Eligibility Criteria
Ages Eligible for Study
70 years and older (Older Adult)
Accepts Healthy Volunteers
No
Genders Eligible for Study
All
Description
Inclusion Criteria
All candidates for the study must meet the following inclusion criteria:
- Severe aortic valve stenosis determined by echocardiogram and Doppler, defined as: mean gradient >40 mmHg or peak jet velocity >4.0 m/s and an aortic valve area ≤0.8 cm2 or aortic valve area index ≤0.5 cm2/m2
- Symptomatic aortic valve stenosis demonstrated by angina, congestive heart failure, NYHA Functional Class ≥ II, or syncope
- Patient is an extreme risk candidate for open surgical aortic valve repair such that the site Investigators (interventional cardiologist and cardiothoracic surgeon) agree that medical factors preclude operation, based on the conclusion that the probability of death or serious morbidity exceeds the probability of meaningful improvement due to the patient's co-morbidities (such as, but not limited to, severe COPD, porcelain aorta, previous thorax irradiation) or logistic EuroSCORE ≥ 20
- ≥ 70 years old
- Patient has been informed of the nature of the study and has provided written informed consent
- Patient and treating physician agree that the patient will return for all required post-procedure follow-up visits
Exclusion Criteria
Candidates will be excluded from the study if any of the following criteria are present:
- Patient is a surgical candidate for aortic valve replacement
- Congenital bicuspid or unicuspid valve determined by echocardiography
- Native valve annulus diameter is <17mm or >22mm determined by the screening CT scan
- Extreme asymmetrical calcification of the native aortic valve determined by the screening CT scan
- Native valvular or peripheral vascular anatomy is not appropriate for the DFM bioprosthesis and 18F delivery system
- Left ventricular ejection fraction (LVEF) <30% determined by resting echocardiogram
- Evidence of an acute myocardial infarction (Refer to Definitions in Section 8) within 30 days prior to the study procedure
- Any percutaneous coronary or peripheral interventional procedure performed within 30 days prior to the study procedure
- Any planned surgical or percutaneous coronary or peripheral procedure to be performed during the study procedure or prior to 30 day follow-up visit
- Need for emergency surgery for any reason
- Untreated clinically significant ( > 70% obstruction) coronary artery disease requiring revascularization
- Prior aortic or mitral valve surgery
- Pre-existing prosthetic heart valve in any position
- Mitral insufficiency greater than moderate determined by resting echocardiography
- Echocardiographic evidence of intra-cardiac mass, thrombus or vegetation
- Thoracic aortic aneurysm (TAA)
- Abdominal aortic aneurysm (AAA) >4.5 cm
- Presence of an endovascular stent graft for treatment of AAA or TAA
- Hypertrophic cardiomyopathy
- Hemodynamic instability (e.g. requiring inotropic support)

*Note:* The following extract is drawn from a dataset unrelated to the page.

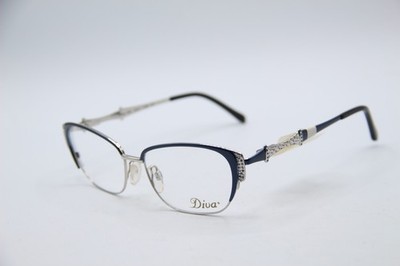 NEW DIVA 5462 C. 264 BLUE SILVER AUTHENTIC FRAMES EYEGLASSES 52-15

- Trans-esophageal echocardiography (TEE) is contraindicated
- Renal insufficiency (creatinine > 3.0 mg/dL) and/or end-stage renal disease requiring dialysis at the time of screening
- Active endocarditis or sepsis within 6 months prior to the study procedure
- Stroke or transient ischemic attack (TIA) within 6 months prior to the study procedure
- Cardiogenic shock within 30 days prior to the study procedure
- Active peptic ulcer or upper GI bleeding within 3 months prior to the study procedure
- Leukopenia (WBC <3000/mm³), acute anemia (Hb <9 g/dL), or thrombocytopenia (platelet count <100,000 cells/mm3)
- History of bleeding diathesis or coagulopathy or refusal of blood transfusions
- A known hypersensitivity or contraindication to aspirin, heparin, ticlopidine or clopidogrel, or sensitivity to contrast media, which cannot be adequately pre-medicated
- Currently participating in an investigational drug or another device trial
- Previously enrolled in this study
- Patient refusal of surgery
- Life expectancy thought to be <12 months
- Dementia (resulting in either inability to provide informed consent for the trial/procedure, prevents independent lifestyle outside of a chronic care facility, or will fundamentally complicate rehabilitation from the procedure or compliance with follow-up visits)
Study Plan
This section provides details of the study plan, including how the study is designed and what the study is measuring.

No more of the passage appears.